● AIM OF THE TASK
The required output is the line containing "shelving unit" followed by every later line through the end of the data, all reproduced exactly.
Start of INFORMATION PROVIDED
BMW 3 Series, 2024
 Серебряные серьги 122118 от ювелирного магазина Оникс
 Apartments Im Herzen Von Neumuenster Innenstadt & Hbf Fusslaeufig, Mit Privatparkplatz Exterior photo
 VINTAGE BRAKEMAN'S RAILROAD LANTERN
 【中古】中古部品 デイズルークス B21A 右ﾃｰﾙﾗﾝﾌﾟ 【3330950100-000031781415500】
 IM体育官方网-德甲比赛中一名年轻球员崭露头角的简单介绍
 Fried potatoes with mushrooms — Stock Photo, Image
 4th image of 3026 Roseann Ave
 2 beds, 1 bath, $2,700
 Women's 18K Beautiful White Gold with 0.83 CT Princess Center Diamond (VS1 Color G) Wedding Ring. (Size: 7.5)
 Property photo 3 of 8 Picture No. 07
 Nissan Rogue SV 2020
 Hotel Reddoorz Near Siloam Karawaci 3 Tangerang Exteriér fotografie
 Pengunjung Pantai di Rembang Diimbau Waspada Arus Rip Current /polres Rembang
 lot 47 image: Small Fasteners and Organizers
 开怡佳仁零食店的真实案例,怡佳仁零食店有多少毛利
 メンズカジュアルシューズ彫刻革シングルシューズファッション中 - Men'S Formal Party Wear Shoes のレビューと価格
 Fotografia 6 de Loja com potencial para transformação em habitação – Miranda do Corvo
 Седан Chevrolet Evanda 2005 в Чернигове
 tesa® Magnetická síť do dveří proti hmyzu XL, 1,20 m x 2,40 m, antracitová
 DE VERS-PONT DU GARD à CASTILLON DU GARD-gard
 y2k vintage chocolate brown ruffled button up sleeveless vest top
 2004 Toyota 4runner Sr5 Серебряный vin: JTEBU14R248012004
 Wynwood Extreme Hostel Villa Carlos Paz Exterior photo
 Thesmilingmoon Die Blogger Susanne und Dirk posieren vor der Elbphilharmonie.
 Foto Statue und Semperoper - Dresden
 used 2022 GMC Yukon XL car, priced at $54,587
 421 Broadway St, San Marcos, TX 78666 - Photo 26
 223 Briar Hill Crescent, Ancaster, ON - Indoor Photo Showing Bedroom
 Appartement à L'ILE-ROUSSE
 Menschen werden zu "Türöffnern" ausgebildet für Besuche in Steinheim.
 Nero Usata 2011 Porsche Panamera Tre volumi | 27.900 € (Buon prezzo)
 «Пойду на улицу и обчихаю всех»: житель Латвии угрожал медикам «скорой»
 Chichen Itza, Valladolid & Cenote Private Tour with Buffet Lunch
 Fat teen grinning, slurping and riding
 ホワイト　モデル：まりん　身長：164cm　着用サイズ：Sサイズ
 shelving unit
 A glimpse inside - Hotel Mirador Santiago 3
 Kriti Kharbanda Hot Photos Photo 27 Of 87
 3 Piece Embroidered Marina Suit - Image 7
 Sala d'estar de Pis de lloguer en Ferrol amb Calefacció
End of INFORMATION PROVIDED
● ANSWER SECTION
 shelving unit
 A glimpse inside - Hotel Mirador Santiago 3
 Kriti Kharbanda Hot Photos Photo 27 Of 87
 3 Piece Embroidered Marina Suit - Image 7
 Sala d'estar de Pis de lloguer en Ferrol amb Calefacció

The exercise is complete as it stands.